---------- Dataset ----------

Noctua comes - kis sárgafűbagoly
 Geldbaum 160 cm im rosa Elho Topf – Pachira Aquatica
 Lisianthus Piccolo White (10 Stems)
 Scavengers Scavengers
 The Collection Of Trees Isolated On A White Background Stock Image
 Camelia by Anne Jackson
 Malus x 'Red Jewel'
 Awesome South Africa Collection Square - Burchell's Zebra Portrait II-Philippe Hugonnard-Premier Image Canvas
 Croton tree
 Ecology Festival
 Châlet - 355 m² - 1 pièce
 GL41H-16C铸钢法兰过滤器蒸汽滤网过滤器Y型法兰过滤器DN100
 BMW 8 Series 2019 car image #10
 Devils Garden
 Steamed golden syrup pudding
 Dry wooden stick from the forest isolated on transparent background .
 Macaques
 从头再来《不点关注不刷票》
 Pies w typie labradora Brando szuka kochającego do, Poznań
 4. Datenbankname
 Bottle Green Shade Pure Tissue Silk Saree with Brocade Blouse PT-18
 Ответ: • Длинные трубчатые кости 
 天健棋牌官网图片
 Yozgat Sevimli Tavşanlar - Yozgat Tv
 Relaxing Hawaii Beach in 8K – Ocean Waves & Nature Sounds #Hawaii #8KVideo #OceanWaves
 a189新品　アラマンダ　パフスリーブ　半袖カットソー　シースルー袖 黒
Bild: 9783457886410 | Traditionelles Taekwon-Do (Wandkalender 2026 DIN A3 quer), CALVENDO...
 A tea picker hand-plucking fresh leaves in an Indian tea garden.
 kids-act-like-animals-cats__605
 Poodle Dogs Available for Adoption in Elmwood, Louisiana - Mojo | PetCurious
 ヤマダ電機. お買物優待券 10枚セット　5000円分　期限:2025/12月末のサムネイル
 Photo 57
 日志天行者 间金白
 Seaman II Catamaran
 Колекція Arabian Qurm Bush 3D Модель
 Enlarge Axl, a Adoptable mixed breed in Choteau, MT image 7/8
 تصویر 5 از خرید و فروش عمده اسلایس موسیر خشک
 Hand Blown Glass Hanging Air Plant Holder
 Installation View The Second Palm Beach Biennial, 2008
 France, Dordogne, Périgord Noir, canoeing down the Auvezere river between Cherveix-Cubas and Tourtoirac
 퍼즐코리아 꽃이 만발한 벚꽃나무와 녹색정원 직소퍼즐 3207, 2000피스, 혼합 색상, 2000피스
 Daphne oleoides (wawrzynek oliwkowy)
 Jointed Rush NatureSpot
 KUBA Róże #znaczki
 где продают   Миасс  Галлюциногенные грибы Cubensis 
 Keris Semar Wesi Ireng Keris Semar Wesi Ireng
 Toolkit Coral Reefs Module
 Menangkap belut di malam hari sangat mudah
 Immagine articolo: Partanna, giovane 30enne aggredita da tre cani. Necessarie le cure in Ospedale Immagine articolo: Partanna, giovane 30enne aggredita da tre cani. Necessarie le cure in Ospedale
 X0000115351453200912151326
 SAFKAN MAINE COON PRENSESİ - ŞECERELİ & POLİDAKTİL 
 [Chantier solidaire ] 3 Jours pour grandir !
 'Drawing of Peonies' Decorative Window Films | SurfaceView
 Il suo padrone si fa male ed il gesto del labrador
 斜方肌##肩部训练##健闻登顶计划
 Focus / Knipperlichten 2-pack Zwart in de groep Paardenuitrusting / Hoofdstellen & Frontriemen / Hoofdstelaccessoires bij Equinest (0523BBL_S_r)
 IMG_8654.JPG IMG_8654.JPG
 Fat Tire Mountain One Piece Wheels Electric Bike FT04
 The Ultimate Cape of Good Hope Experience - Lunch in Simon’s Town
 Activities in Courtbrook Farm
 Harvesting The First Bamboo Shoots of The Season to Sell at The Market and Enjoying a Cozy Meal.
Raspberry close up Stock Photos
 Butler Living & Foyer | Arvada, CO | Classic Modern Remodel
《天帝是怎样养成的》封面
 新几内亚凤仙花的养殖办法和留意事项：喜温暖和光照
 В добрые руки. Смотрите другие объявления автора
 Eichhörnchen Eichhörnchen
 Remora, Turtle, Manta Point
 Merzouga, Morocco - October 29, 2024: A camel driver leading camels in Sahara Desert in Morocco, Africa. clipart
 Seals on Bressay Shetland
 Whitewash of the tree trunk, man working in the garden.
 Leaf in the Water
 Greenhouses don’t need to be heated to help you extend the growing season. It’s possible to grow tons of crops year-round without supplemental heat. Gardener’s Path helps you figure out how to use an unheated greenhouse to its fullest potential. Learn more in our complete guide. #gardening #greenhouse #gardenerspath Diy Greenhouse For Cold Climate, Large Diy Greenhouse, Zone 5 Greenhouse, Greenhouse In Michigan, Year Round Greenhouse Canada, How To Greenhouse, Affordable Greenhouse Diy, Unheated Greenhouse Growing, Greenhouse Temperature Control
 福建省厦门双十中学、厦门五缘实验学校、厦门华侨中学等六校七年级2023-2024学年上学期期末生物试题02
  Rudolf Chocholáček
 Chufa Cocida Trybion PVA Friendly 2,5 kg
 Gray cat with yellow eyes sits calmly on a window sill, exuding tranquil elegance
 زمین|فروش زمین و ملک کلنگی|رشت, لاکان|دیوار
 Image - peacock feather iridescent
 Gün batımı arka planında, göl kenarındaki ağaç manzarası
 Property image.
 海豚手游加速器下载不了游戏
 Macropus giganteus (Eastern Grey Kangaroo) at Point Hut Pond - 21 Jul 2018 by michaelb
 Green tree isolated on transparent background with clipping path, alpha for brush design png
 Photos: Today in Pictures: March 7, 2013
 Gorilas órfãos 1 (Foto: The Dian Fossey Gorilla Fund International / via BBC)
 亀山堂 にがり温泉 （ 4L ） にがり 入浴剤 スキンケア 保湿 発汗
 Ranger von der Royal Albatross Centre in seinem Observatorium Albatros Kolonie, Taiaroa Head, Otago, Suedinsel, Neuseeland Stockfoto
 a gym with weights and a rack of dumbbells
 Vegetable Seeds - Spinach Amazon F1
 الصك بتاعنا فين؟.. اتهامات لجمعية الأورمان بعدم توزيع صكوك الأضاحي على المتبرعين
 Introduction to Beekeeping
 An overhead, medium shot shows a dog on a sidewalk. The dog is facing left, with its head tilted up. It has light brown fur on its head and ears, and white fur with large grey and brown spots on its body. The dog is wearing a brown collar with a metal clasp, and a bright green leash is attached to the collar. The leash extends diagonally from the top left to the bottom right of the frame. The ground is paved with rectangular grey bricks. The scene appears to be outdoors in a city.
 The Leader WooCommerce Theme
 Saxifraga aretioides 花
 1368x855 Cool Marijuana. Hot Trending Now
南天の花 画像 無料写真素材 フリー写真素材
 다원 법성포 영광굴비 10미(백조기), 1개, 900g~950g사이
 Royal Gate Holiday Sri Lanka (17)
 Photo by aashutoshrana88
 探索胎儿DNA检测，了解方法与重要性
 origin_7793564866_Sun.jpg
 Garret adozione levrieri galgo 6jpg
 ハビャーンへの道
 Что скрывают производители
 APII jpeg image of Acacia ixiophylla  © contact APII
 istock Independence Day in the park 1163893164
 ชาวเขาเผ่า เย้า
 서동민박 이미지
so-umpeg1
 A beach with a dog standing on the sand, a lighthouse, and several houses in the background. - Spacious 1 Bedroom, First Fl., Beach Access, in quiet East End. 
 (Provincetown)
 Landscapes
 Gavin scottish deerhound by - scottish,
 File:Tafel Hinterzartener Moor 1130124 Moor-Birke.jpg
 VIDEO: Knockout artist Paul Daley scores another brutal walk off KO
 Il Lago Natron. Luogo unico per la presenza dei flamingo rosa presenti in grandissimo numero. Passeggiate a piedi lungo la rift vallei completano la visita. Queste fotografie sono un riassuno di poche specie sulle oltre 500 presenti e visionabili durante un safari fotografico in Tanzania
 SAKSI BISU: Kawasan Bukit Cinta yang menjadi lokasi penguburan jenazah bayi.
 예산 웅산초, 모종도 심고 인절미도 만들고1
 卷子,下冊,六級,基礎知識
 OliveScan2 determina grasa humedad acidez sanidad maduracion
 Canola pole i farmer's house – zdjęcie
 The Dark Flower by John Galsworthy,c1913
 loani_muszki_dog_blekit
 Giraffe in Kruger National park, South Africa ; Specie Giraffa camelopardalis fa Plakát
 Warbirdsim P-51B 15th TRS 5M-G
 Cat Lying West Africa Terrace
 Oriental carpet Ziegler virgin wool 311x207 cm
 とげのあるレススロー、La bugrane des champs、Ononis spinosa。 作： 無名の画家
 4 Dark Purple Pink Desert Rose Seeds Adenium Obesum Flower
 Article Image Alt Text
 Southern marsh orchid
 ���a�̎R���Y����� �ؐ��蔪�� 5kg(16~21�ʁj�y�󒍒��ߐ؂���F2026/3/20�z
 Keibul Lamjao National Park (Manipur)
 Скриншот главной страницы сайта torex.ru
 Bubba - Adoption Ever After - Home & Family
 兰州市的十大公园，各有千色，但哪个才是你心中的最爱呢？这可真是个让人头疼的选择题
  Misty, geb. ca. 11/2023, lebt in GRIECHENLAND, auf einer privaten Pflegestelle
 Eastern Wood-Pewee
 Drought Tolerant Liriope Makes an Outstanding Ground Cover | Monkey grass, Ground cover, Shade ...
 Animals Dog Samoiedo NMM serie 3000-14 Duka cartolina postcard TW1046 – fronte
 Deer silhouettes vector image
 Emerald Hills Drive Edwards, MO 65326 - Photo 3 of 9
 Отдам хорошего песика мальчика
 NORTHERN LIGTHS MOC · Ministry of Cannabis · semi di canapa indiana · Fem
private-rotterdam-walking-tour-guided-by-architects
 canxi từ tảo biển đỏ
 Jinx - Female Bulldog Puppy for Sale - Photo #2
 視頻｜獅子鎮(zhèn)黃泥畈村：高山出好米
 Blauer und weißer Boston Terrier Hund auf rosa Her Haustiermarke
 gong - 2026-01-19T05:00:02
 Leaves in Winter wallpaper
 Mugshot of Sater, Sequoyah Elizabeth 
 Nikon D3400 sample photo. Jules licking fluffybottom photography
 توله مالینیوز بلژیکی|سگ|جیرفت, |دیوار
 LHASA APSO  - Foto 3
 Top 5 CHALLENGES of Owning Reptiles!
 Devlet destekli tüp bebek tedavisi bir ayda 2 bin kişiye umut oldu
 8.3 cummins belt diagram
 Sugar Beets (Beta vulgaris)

----------

**What this task involves**
Given the records above, return exactly the lines starting at the line containing "The Ultimate Cape" and ending at the line containing "Leaf in the Water", including both.

**Reply**
 The Ultimate Cape of Good Hope Experience - Lunch in Simon’s Town
 Activities in Courtbrook Farm
 Harvesting The First Bamboo Shoots of The Season to Sell at The Market and Enjoying a Cozy Meal.
Raspberry close up Stock Photos
 Butler Living & Foyer | Arvada, CO | Classic Modern Remodel
《天帝是怎样养成的》封面
 新几内亚凤仙花的养殖办法和留意事项：喜温暖和光照
 В добрые руки. Смотрите другие объявления автора
 Eichhörnchen Eichhörnchen
 Remora, Turtle, Manta Point
 Merzouga, Morocco - October 29, 2024: A camel driver leading camels in Sahara Desert in Morocco, Africa. clipart
 Seals on Bressay Shetland
 Whitewash of the tree trunk, man working in the garden.
 Leaf in the Water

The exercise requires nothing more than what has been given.